George Schmitt

No. 26
- Position: Defensive back

Personal information
- Born: March 6, 1961 (age 65) Bryn Mawr, Pennsylvania, U.S.
- Listed height: 5 ft 11 in (1.80 m)
- Listed weight: 193 lb (88 kg)

Career information
- College: Delaware
- NFL draft: 1983: 6th round, 157th overall pick

Career history
- St. Louis Cardinals (1983);

Awards and highlights
- First-team All-American (1982);

Career NFL statistics
- Fumble recoveries: 1
- Stats at Pro Football Reference

= George Schmitt =

American football player (born 1961)

George Paul Schmitt (born March 6, 1961) is an American former professional football player who was a defensive back for one season in the National Football League (NFL). After playing college football for the Delaware Fightin' Blue Hens, he was selected by the St. Louis Cardinals in the sixth round of the 1983 NFL draft. He played in all 16 games for the Cardinals in 1983.

==College career==
After attending Marple Newtown Senior High School in Newtown Square, Pennsylvania, Schmitt played college football at the University of Delaware for the Fightin' Blue Hens. Schmitt broke the school record for interceptions in a season (with 13 in 1982), career (22), and interception yards in a season (202) and career (296). Against Morgan State in 1980, he recorded three interceptions, tying him for the school record.

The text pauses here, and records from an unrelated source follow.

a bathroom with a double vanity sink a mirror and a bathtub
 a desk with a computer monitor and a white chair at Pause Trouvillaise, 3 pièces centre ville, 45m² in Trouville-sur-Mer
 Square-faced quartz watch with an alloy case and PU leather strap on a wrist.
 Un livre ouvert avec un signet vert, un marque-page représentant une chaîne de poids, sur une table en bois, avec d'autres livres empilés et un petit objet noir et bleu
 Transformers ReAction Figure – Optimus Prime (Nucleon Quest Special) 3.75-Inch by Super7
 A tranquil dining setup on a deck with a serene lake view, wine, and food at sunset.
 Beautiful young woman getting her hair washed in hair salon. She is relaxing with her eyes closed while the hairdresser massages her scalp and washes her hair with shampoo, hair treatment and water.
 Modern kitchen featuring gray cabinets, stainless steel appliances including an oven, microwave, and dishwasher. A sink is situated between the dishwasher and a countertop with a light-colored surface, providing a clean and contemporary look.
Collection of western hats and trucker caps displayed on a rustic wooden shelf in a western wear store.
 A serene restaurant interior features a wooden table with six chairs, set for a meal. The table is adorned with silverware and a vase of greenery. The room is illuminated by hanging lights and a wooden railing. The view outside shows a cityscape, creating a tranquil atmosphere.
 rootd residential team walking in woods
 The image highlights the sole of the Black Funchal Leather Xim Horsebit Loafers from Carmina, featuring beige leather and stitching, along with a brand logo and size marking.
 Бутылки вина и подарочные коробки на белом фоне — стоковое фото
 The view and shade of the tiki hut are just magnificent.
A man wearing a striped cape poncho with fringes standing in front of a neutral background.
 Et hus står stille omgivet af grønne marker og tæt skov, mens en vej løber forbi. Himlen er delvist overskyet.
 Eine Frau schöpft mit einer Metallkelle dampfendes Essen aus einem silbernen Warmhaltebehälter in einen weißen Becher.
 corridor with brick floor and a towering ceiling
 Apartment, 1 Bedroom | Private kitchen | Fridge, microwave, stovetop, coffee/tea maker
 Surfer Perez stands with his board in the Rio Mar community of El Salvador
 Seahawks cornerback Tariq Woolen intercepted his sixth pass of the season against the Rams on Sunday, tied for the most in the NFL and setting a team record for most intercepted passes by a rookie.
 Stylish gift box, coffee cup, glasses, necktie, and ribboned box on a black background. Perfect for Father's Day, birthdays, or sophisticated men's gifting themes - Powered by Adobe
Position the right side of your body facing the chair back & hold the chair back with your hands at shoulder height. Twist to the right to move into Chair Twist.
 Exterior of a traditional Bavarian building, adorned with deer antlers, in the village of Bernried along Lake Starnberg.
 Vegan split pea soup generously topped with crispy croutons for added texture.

He earned first-team All-American honors from the Associated Press and American Football Coaches Association, first-team All-Eastern College Athletic Conference, Outstanding Senior Athlete Award, and the Outstanding Senior Defensive Player Award during his senior season.

==Professional career==
Schmitt was drafted by the St. Louis Cardinals in the sixth round (157th overall) of the 1983 NFL draft. In his rookie season, he recovered a fumble in the Cardinals' 44–14 win over the San Diego Chargers. He played in all 16 games for the Cardinals in 1983, his only professional season.

==Personal life==
Schmitt has been employed by the CBRE Group since 1989.